[[ Task input open ]]
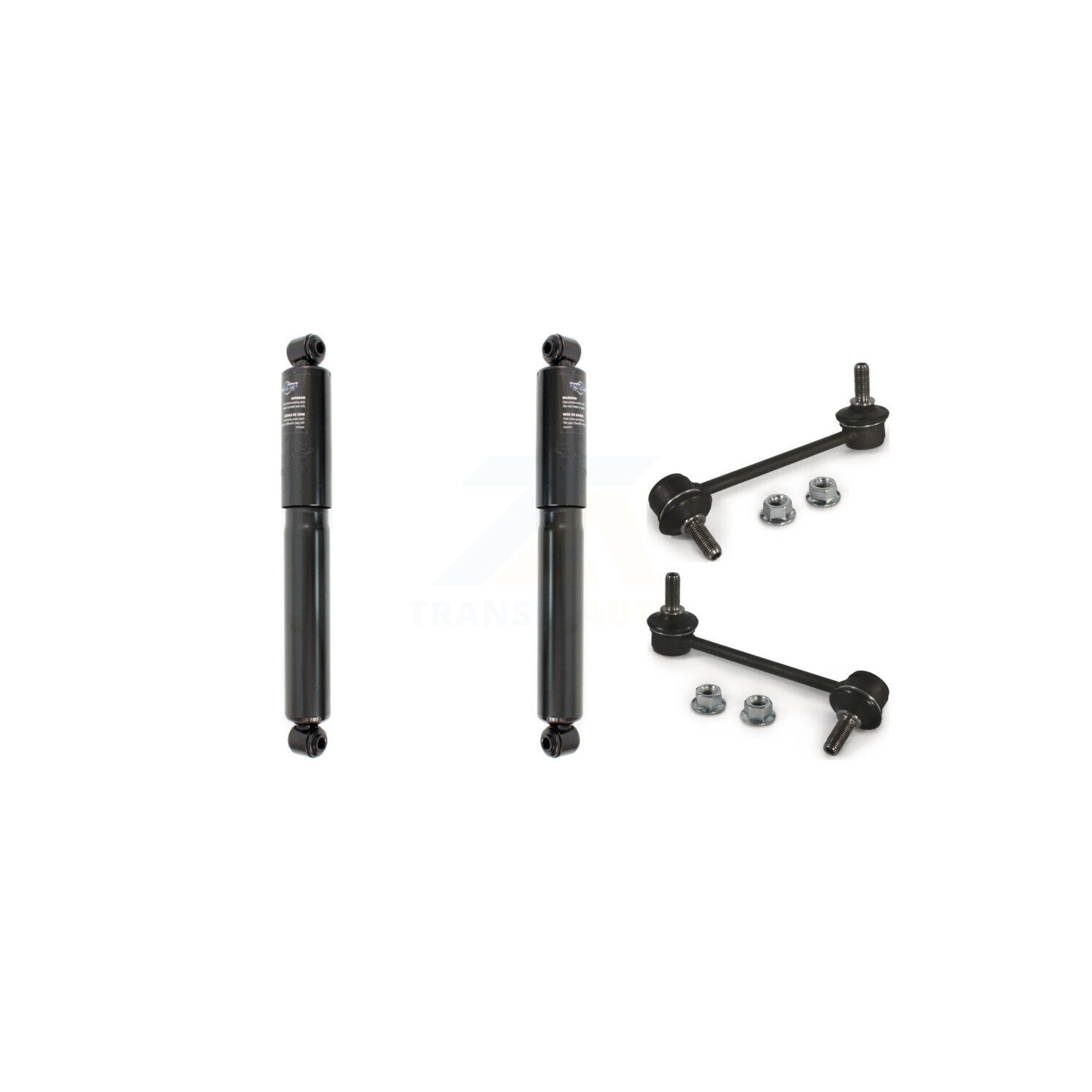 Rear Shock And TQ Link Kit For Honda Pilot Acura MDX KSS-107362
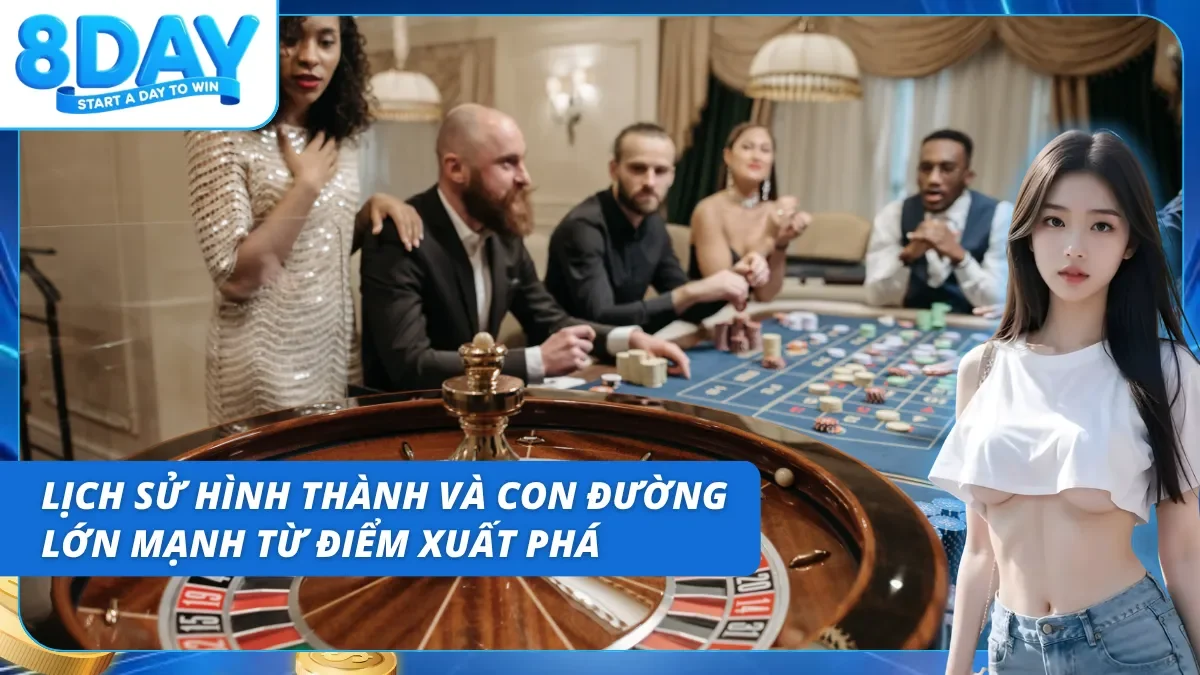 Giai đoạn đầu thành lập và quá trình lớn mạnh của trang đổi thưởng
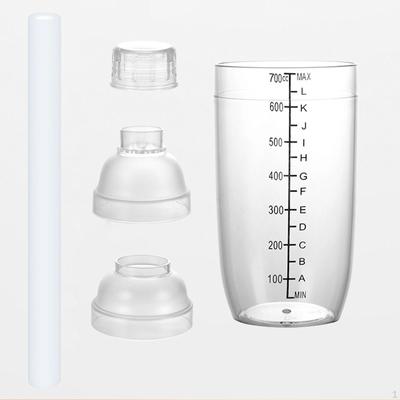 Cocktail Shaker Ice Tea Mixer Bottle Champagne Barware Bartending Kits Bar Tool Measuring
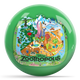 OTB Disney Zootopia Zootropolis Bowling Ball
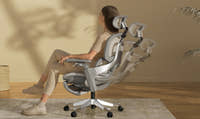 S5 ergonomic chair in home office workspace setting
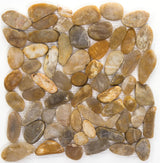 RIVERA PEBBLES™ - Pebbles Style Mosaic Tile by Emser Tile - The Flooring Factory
[[ Task input closed ]]
> Task item
Print every entry word for word; omit the pictures.

> Exercise result
 Rear Shock And TQ Link Kit For Honda Pilot Acura MDX KSS-107362
 Giai đoạn đầu thành lập và quá trình lớn mạnh của trang đổi thưởng
 Cocktail Shaker Ice Tea Mixer Bottle Champagne Barware Bartending Kits Bar Tool Measuring
 OTB Disney Zootopia Zootropolis Bowling Ball
 S5 ergonomic chair in home office workspace setting
 RIVERA PEBBLES™ - Pebbles Style Mosaic Tile by Emser Tile - The Flooring Factory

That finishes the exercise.